[Opening Given data section]

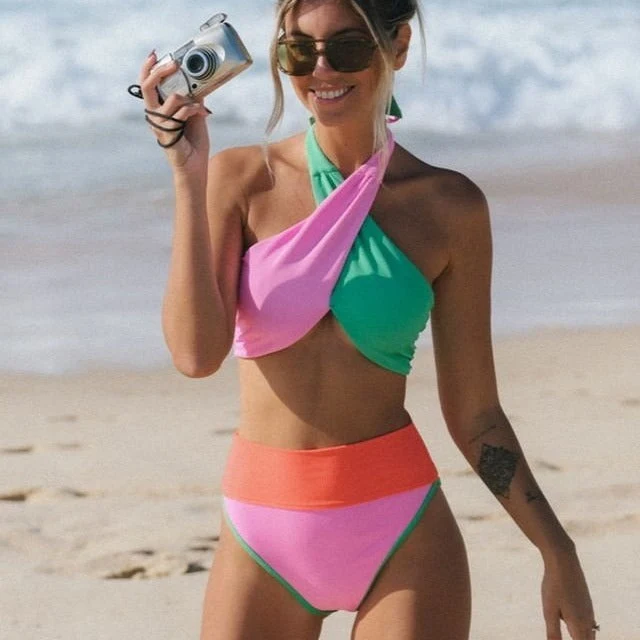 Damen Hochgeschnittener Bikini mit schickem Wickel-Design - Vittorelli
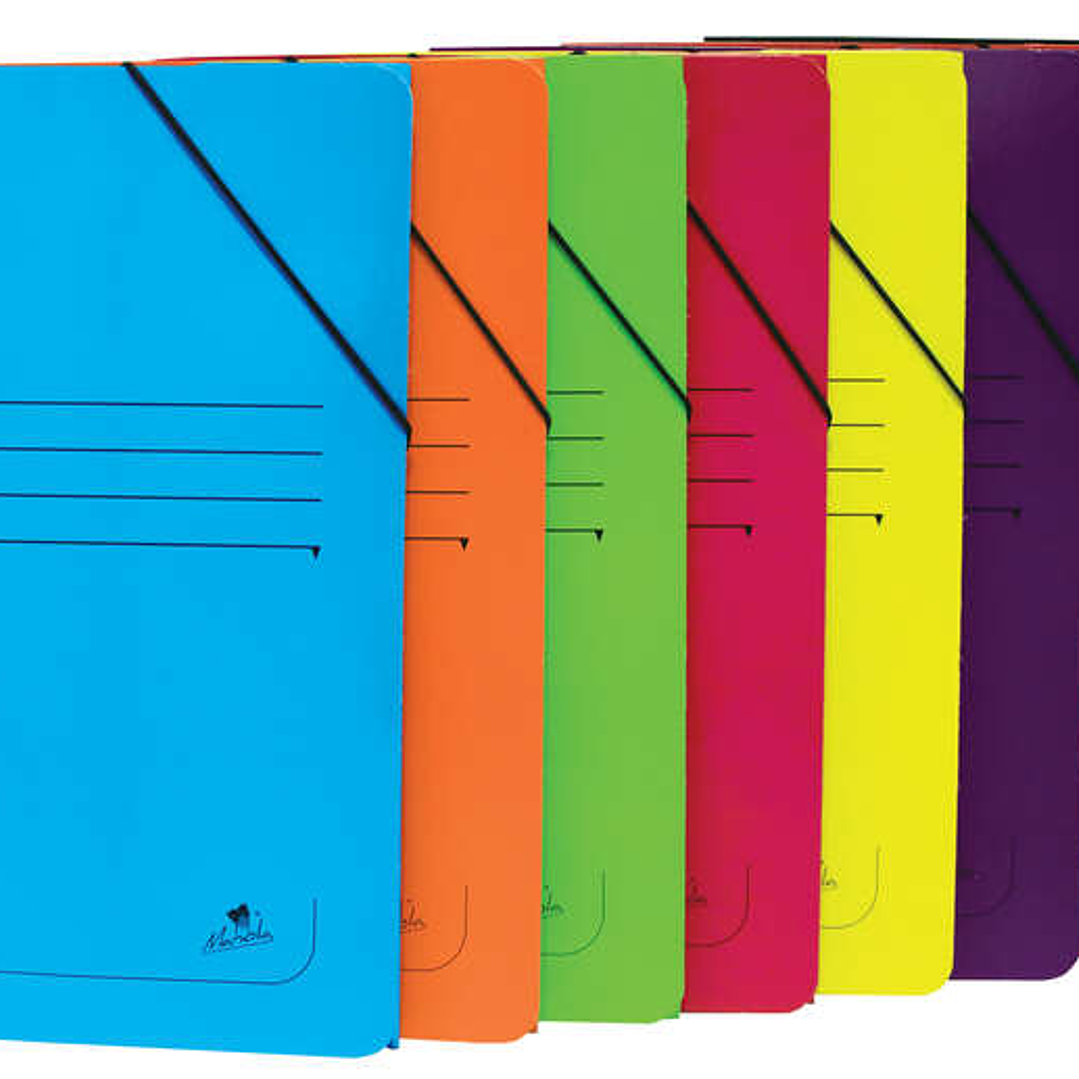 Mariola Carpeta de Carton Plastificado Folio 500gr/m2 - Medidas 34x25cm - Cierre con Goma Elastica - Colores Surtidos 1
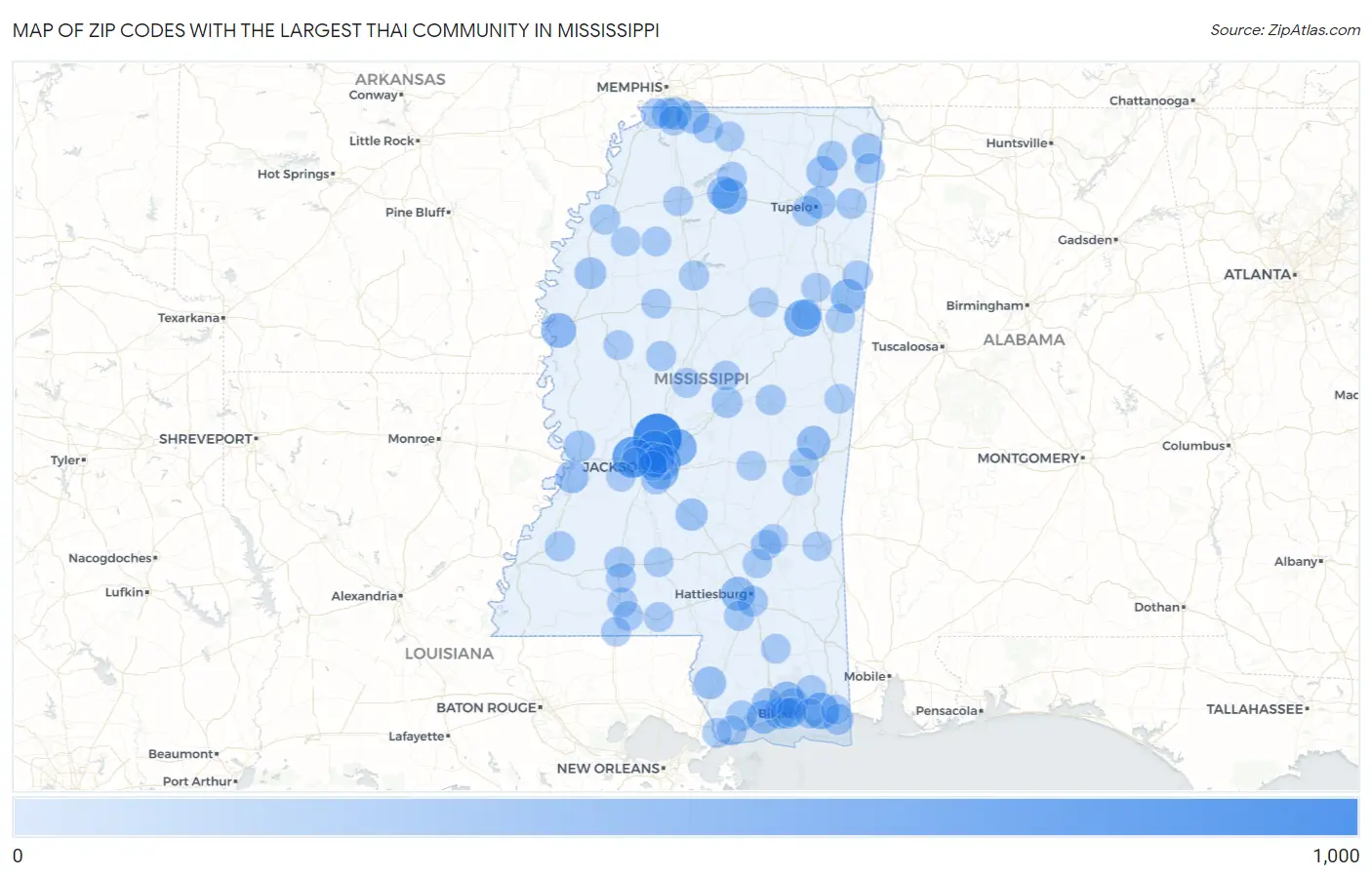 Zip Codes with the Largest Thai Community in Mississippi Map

[Closing Given data section]

How to complete this task:
Apart from the pictures, restate all of the listing above exactly.

Output below:
 Damen Hochgeschnittener Bikini mit schickem Wickel-Design - Vittorelli
 Mariola Carpeta de Carton Plastificado Folio 500gr/m2 - Medidas 34x25cm - Cierre con Goma Elastica - Colores Surtidos 1
 Zip Codes with the Largest Thai Community in Mississippi Map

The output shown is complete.